En agosto empecé a pintar. Estaba agotada mental, física y en cualquier otro sentido que puedan pensar. Extenuada, pero aburrida, fui a comprarme a Diego Laínez un libro que me contase los básicos y no paré. El problema ha llegado esta semana, cuando he tenido que entregar a sus receptores aquellos espacios de su vida que yo he convertido en papel.
No crean que la preocupación era el dibujo en sí y mi técnica para trazar la perspectiva, sino el terror al pensar que lo pudieran colocar en sus casas y otros puedan ver esa línea torcida, ese ladrillo mal pintado o ese arco descolocado que va a descubrir que soy un desastre colosal.

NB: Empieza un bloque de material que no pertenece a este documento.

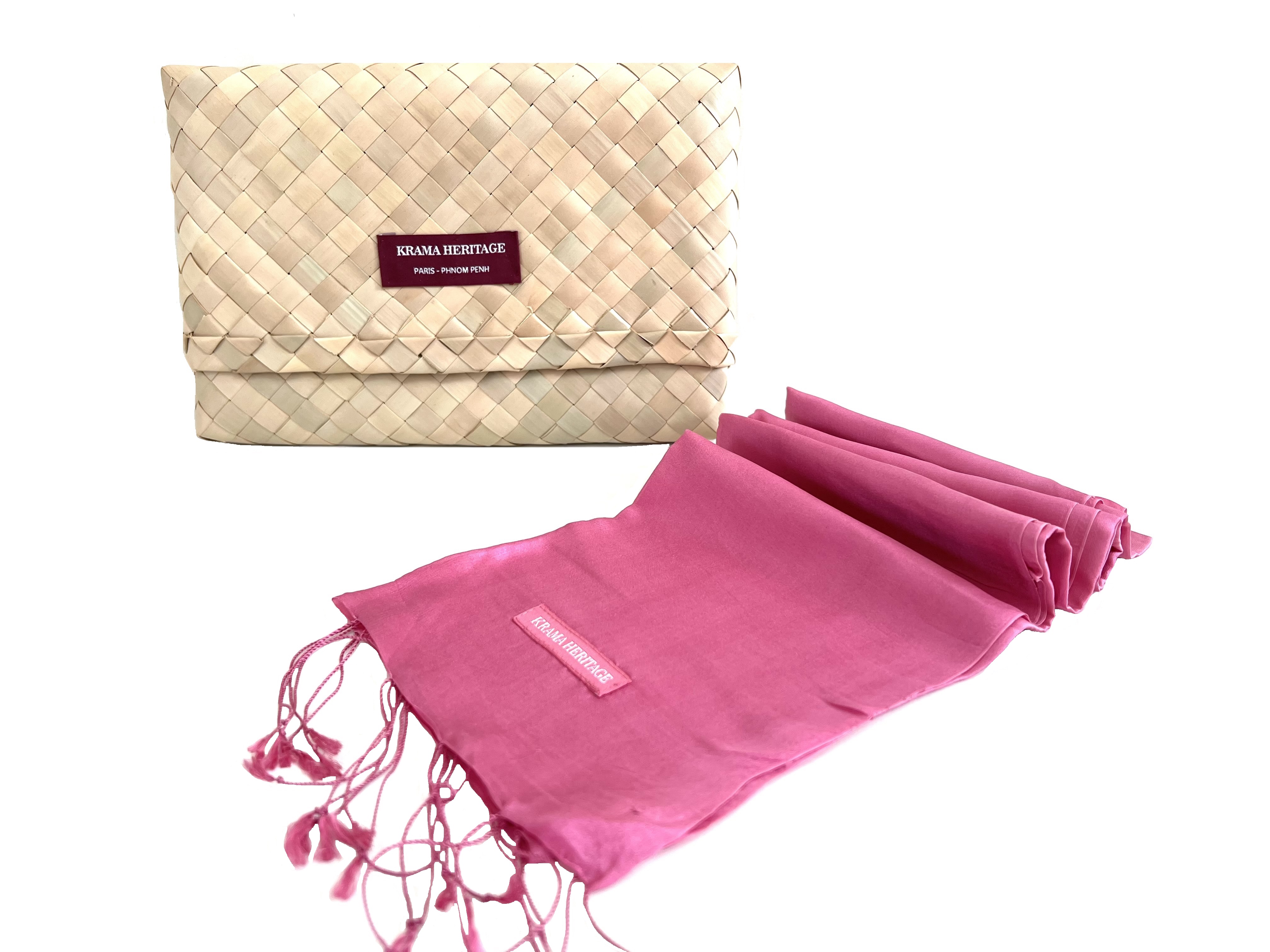 Le Krama Soyeux Rose Bonbon 7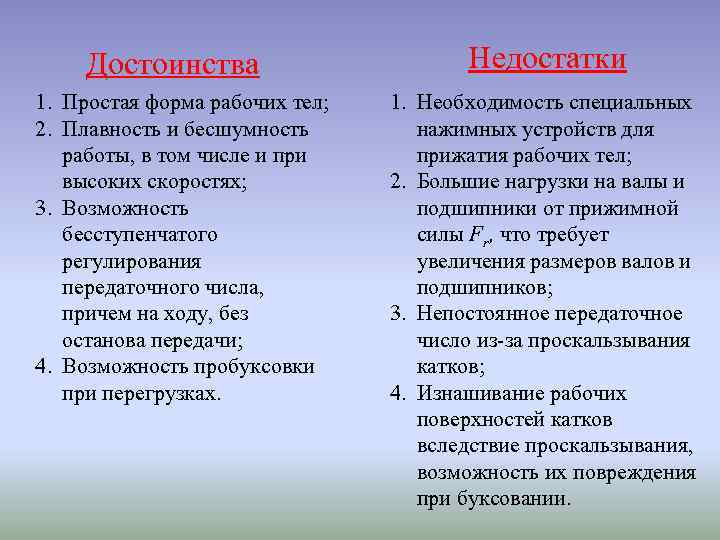 Достоинства 1. Простая форма рабочих тел; 2. Плавность и бесшумность работы, в том числе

Porque crear agota. No por el acto físico o intelectual de construir algo que merezca la pena el tiempo de otros, sino por lo expuesto que te deja un trazo fuera de lugar, un movimiento que hiciste sin pensar o todo aquello tan poco cercano a la perfección que ahora los demás verán. Es una sensación continúa de que van a pillar al impostor que eres por una línea de lápiz mal borrada, un punto mal puesto o un verbo mal conjugado (como me ocurre con las columnas).
En esta semana llena de dudas de si dar ese regalo y de si mandar esta columna, he pensado mucho en todos aquellos que por no sufrir no crean, sino que repiten, y en cómo otros han confiado en mí páginas que señalaban sus flaquezas: mi amigo Andrés me legó el borrador de su primer libro y a cambio descubrí su talento para traducir la humanidad a una historia digna de ser contada, o mi amiga Blanca me compartió su investigación y comprendí que ser líder no es sinónimo de mandar, sino de modelo, como ella es para mí cada día. Todos ellos me entregaron cada una de sus creaciones en exclusiva, sus horas invertidas (quizás) en vano y el miedo común de quien ofrece su hijo a un extraño que va a juzgar sus modales en la mesa. La duda es común entre los tres: ¿es digno mi trabajo para que vea la luz del mundo? Porque cada semana que les escribo llorando sobre el teclado me pregunto: crear cansa, ¿pero merece la pena el miedo?